Vlad's studio is minimalist, brightly light and about 5 meters in hight. On the floor below, where the bookbinding department of the Coresi printing house is located, the ceiling rises to more than 7 meters. The monumentality of the building begins to be felt inside. In terms of surface area, "the [Coresi section] is twice as big as this one, it's an open space where you can see some supporting pillars. About 20-30 women work there, in a space that was clearly designed for many more people. You can feel that everything is huge". The few people working on the machines seem scattered in a space that is absurdly large for their needs. As one might suspect, monumental projects leave behind a large amount of waste. Unfortunately, this cannot be repaired by human relations and solidarity.
I read somewhere that the total length of the corridors in Casa Presei is 3 km. Vlad and Gia told us that they haven't explored the whole building yet, and that much of it is unused anyway. There's already a pattern of Bucharest's independent artists finding spaces for their workshops and exhibitions in places left abandoned after the fall of the Ceausescu dictatorship: Atelierele Malmaison stands where a prison of the same name once stood under communism; WASP has taken over a former industrial hall of the Flaros factory; Make a Point has held art events in a hall of the former Postăvăria Română textile factory and in the water tower in its courtyard. Of course, the conversion of industrial heritage can also lead to the emergence of other types of venues, an example of which is Halele Carol.

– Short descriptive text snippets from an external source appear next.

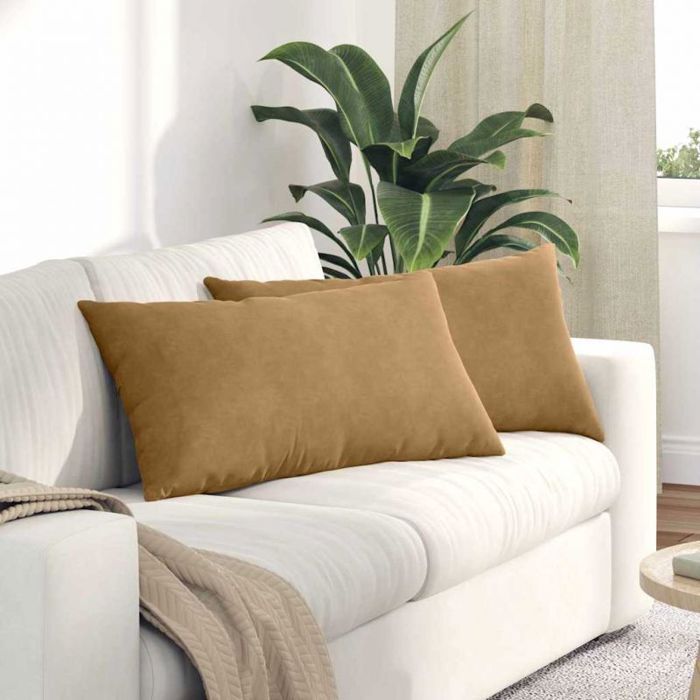 Cuscini per divano - VIDAXL - 80 x 40 cm - Velluto a coste - Set da 2 - Marrone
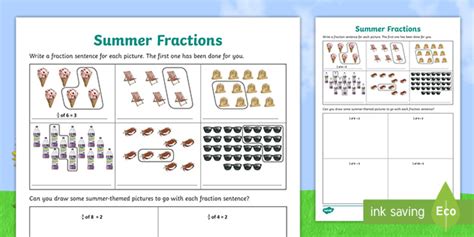 Summer Themed Fractions Of Amounts Ks2 Worksheets Twinkl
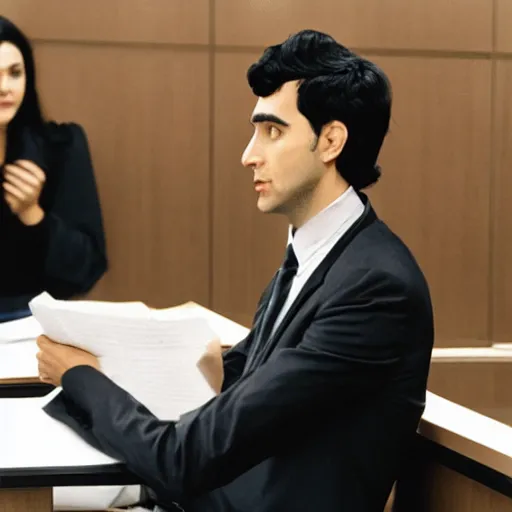 Prompt: a black haired lawyer wearing a suit and jeans talking in a courtroom in outer space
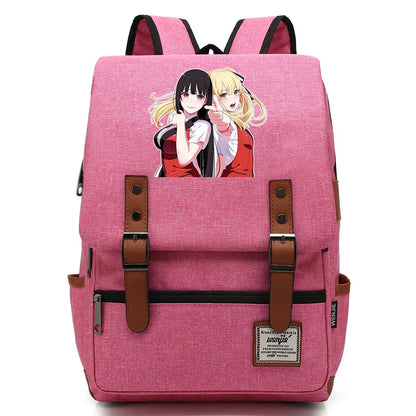 New Anime Kakegurui Boy Girl Kids Student School Book Bags Teenagers Canvas Women Bagpack Men Laptop Travel Backpack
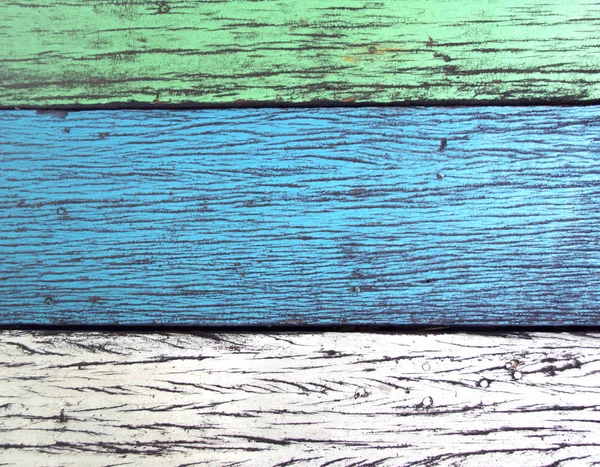 Yeşil, mavi ve beyaz renk kırık boya ile eski ahşap — Stok fotoğraf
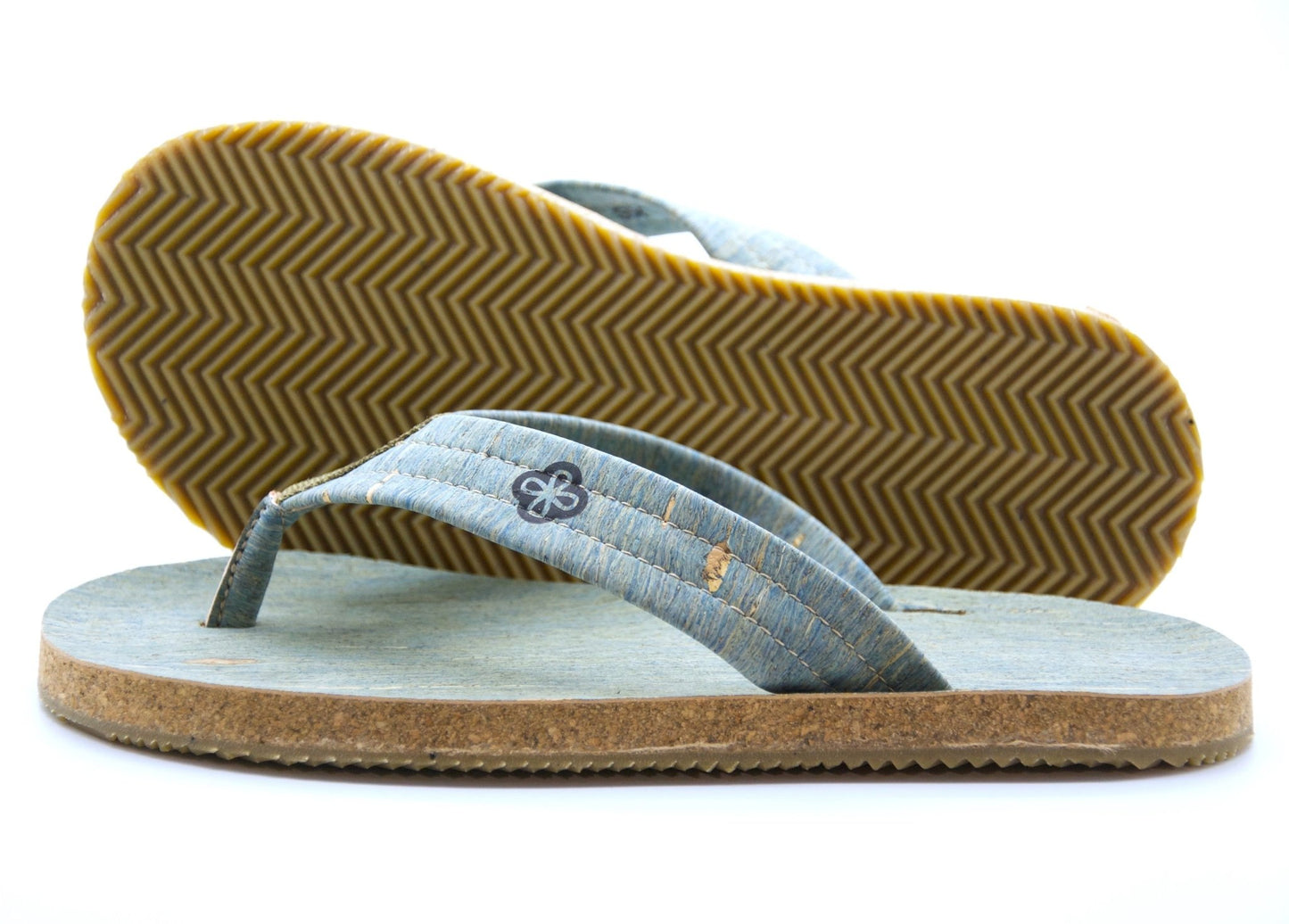 light blue cork sandals side view white background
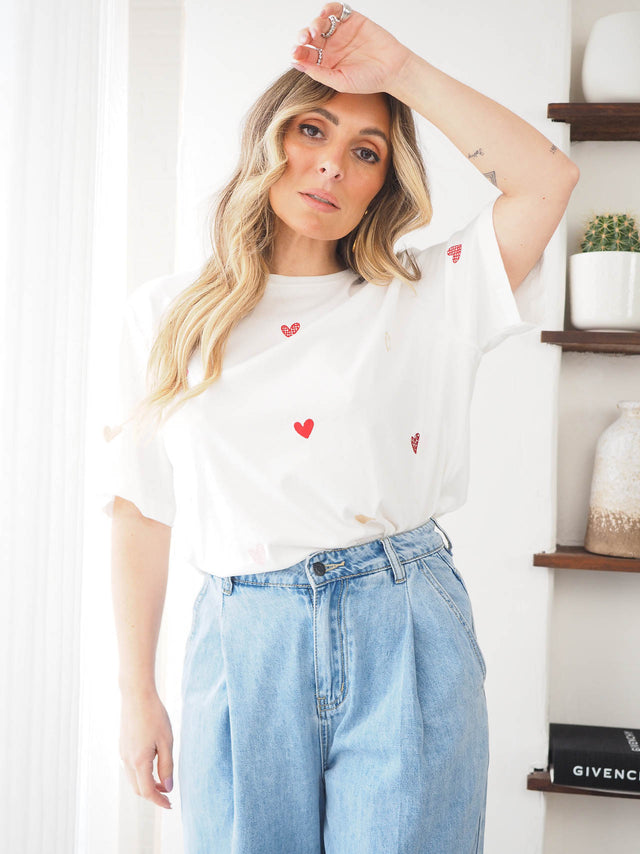 Embroidered Hearts T-shirt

There is room for more cultural spaces at Atelierele Scânteia, which would most likely bring more visitors and more collaborations between artists: "If there were other performing arts institutions or something else in the cultural field on this floor, it would certainly be better," Vlad thinks. There is also a private gallery, ARSMONITOR, in the same building as the workshops, and the good news is that a second independent space will soon be inaugurated on the ground floor of the building, which will be attached to the workshops and will host exhibitions, concerts, performances, and so on: Scânteia +.
Gia told us that the space she runs, dedicated to young curators, found its name after a late-night brainstorming session. "Calcium", the final name, refers to her interest in the intersection between contemporary art and research in the field of biology, as well as to the calcification process of an artistic project, the processuality and the path that leads to the final result.
If we extrapolate, what is currently happening at Atelierele Scânteia resembles a slow and fragile calcification or sedimentation of a project and a community. Unfortunately, all this is happening (for the time being) without the political and financial support of central state institutions.